Free-text object descriptions>
━━━━━━━━━━━━━━━━━━━━━━━━━━━━━━

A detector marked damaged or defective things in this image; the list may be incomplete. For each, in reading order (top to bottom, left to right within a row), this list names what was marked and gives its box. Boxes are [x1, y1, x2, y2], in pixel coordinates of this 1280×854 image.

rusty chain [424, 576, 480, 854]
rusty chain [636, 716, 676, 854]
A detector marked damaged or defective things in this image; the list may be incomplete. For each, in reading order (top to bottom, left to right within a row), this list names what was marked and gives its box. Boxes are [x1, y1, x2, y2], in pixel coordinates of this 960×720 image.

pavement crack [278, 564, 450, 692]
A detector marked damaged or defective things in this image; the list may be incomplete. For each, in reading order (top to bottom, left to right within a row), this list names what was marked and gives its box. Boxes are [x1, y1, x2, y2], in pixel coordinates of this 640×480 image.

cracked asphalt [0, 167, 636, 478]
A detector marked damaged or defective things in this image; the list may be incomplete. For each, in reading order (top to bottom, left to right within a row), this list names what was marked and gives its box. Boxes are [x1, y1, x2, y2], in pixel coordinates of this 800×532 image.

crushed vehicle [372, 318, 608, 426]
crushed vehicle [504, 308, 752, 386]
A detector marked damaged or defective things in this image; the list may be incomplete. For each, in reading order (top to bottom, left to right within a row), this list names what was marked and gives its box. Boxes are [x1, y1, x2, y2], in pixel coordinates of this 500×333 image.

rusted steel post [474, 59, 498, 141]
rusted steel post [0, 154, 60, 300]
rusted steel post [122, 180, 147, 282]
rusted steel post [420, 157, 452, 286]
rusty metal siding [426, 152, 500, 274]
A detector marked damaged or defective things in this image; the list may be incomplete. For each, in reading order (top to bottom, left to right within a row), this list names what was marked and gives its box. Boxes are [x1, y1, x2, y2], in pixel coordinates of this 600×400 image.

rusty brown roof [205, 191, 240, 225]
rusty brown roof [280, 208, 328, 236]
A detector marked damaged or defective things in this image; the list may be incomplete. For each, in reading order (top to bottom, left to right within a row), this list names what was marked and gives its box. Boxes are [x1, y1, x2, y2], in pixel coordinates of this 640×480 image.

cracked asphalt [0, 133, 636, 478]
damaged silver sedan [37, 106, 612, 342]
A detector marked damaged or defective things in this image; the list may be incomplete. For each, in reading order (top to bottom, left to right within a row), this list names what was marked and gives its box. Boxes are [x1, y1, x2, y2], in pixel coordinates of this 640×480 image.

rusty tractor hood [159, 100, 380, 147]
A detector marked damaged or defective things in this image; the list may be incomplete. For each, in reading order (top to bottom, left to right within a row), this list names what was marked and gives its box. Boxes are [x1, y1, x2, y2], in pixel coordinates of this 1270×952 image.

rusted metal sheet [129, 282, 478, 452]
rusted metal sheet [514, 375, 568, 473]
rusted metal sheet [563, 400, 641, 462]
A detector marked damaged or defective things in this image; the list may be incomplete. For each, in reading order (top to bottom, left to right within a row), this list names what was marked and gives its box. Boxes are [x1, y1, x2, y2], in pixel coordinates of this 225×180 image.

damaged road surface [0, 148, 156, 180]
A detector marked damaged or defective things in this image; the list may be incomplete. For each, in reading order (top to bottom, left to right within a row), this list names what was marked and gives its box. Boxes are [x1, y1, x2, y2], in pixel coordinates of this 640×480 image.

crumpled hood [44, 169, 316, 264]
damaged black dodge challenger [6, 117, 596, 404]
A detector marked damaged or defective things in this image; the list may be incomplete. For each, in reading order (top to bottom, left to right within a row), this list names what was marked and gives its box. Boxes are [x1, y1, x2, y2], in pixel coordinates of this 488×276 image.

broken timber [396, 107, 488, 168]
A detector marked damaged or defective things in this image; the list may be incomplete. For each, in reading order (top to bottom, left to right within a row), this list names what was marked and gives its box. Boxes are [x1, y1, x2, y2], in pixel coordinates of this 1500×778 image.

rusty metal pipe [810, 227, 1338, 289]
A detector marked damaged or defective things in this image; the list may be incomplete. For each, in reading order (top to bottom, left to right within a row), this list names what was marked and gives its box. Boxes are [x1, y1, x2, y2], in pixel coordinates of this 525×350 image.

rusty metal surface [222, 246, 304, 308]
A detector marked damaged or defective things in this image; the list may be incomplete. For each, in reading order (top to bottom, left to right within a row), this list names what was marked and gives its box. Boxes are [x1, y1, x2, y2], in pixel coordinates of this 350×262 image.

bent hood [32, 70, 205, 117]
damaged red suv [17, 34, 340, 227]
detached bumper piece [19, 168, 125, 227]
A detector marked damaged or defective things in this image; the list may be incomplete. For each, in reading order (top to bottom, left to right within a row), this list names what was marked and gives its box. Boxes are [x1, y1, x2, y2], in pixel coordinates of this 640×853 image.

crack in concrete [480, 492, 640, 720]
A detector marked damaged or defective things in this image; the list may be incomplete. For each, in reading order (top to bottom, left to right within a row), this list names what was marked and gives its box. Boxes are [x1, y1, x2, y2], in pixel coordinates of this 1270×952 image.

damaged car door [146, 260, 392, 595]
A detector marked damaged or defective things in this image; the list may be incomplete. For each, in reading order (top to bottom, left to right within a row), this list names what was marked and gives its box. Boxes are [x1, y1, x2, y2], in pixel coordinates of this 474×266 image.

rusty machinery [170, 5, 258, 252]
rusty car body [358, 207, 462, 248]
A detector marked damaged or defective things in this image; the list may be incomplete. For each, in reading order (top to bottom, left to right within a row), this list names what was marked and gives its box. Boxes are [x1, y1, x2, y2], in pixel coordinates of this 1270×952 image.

━━━━━━━━━━━━━━━━━━━━━━━━━━━━━━

Action item> Repeat every entry above exactly, leaving nothing out.

Result of the task>
A detector marked damaged or defective things in this image; the list may be incomplete. For each, in reading order (top to bottom, left to right within a row), this list names what was marked and gives its box. Boxes are [x1, y1, x2, y2], in pixel coordinates of this 1280×854 image.

rusty chain [424, 576, 480, 854]
rusty chain [636, 716, 676, 854]
A detector marked damaged or defective things in this image; the list may be incomplete. For each, in reading order (top to bottom, left to right within a row), this list names what was marked and gives its box. Boxes are [x1, y1, x2, y2], in pixel coordinates of this 960×720 image.

pavement crack [278, 564, 450, 692]
A detector marked damaged or defective things in this image; the list may be incomplete. For each, in reading order (top to bottom, left to right within a row), this list names what was marked and gives its box. Boxes are [x1, y1, x2, y2], in pixel coordinates of this 640×480 image.

cracked asphalt [0, 167, 636, 478]
A detector marked damaged or defective things in this image; the list may be incomplete. For each, in reading order (top to bottom, left to right within a row), this list names what was marked and gives its box. Boxes are [x1, y1, x2, y2], in pixel coordinates of this 800×532 image.

crushed vehicle [372, 318, 608, 426]
crushed vehicle [504, 308, 752, 386]
A detector marked damaged or defective things in this image; the list may be incomplete. For each, in reading order (top to bottom, left to right within a row), this list names what was marked and gives its box. Boxes are [x1, y1, x2, y2], in pixel coordinates of this 500×333 image.

rusted steel post [474, 59, 498, 141]
rusted steel post [0, 154, 60, 300]
rusted steel post [122, 180, 147, 282]
rusted steel post [420, 157, 452, 286]
rusty metal siding [426, 152, 500, 274]
A detector marked damaged or defective things in this image; the list may be incomplete. For each, in reading order (top to bottom, left to right within a row), this list names what was marked and gives its box. Boxes are [x1, y1, x2, y2], in pixel coordinates of this 600×400 image.

rusty brown roof [205, 191, 240, 225]
rusty brown roof [280, 208, 328, 236]
A detector marked damaged or defective things in this image; the list may be incomplete. For each, in reading order (top to bottom, left to right within a row), this list names what was marked and gives its box. Boxes are [x1, y1, x2, y2], in pixel coordinates of this 640×480 image.

cracked asphalt [0, 133, 636, 478]
damaged silver sedan [37, 106, 612, 342]
A detector marked damaged or defective things in this image; the list may be incomplete. For each, in reading order (top to bottom, left to right within a row), this list names what was marked and gives its box. Boxes are [x1, y1, x2, y2], in pixel coordinates of this 640×480 image.

rusty tractor hood [159, 100, 380, 147]
A detector marked damaged or defective things in this image; the list may be incomplete. For each, in reading order (top to bottom, left to right within a row), this list names what was marked and gives its box. Boxes are [x1, y1, x2, y2], in pixel coordinates of this 1270×952 image.

rusted metal sheet [129, 282, 478, 452]
rusted metal sheet [514, 375, 568, 473]
rusted metal sheet [563, 400, 641, 462]
A detector marked damaged or defective things in this image; the list may be incomplete. For each, in reading order (top to bottom, left to right within a row), this list names what was marked and gives its box. Boxes are [x1, y1, x2, y2], in pixel coordinates of this 225×180 image.

damaged road surface [0, 148, 156, 180]
A detector marked damaged or defective things in this image; the list may be incomplete. For each, in reading order (top to bottom, left to right within a row), this list names what was marked and gives its box. Boxes are [x1, y1, x2, y2], in pixel coordinates of this 640×480 image.

crumpled hood [44, 169, 316, 264]
damaged black dodge challenger [6, 117, 596, 404]
A detector marked damaged or defective things in this image; the list may be incomplete. For each, in reading order (top to bottom, left to right within a row), this list names what was marked and gives its box. Boxes are [x1, y1, x2, y2], in pixel coordinates of this 488×276 image.

broken timber [396, 107, 488, 168]
A detector marked damaged or defective things in this image; the list may be incomplete. For each, in reading order (top to bottom, left to right within a row), this list names what was marked and gives its box. Boxes are [x1, y1, x2, y2], in pixel coordinates of this 1500×778 image.

rusty metal pipe [810, 227, 1338, 289]
A detector marked damaged or defective things in this image; the list may be incomplete. For each, in reading order (top to bottom, left to right within a row), this list names what was marked and gives its box. Boxes are [x1, y1, x2, y2], in pixel coordinates of this 525×350 image.

rusty metal surface [222, 246, 304, 308]
A detector marked damaged or defective things in this image; the list may be incomplete. For each, in reading order (top to bottom, left to right within a row), this list names what was marked and gives its box. Boxes are [x1, y1, x2, y2], in pixel coordinates of this 350×262 image.

bent hood [32, 70, 205, 117]
damaged red suv [17, 34, 340, 227]
detached bumper piece [19, 168, 125, 227]
A detector marked damaged or defective things in this image; the list may be incomplete. For each, in reading order (top to bottom, left to right within a row), this list names what was marked and gives its box. Boxes are [x1, y1, x2, y2], in pixel coordinates of this 640×853 image.

crack in concrete [480, 492, 640, 720]
A detector marked damaged or defective things in this image; the list may be incomplete. For each, in reading order (top to bottom, left to right within a row), this list names what was marked and gives its box. Boxes are [x1, y1, x2, y2], in pixel coordinates of this 1270×952 image.

damaged car door [146, 260, 392, 595]
A detector marked damaged or defective things in this image; the list may be incomplete. For each, in reading order (top to bottom, left to right within a row), this list names what was marked and gives its box. Boxes are [x1, y1, x2, y2], in pixel coordinates of this 474×266 image.

rusty machinery [170, 5, 258, 252]
rusty car body [358, 207, 462, 248]
A detector marked damaged or defective things in this image; the list may be incomplete. For each, in reading order (top to bottom, left to right within a row), this list names what was marked and gives its box. Boxes are [x1, y1, x2, y2], in pixel coordinates of this 1270×952 image.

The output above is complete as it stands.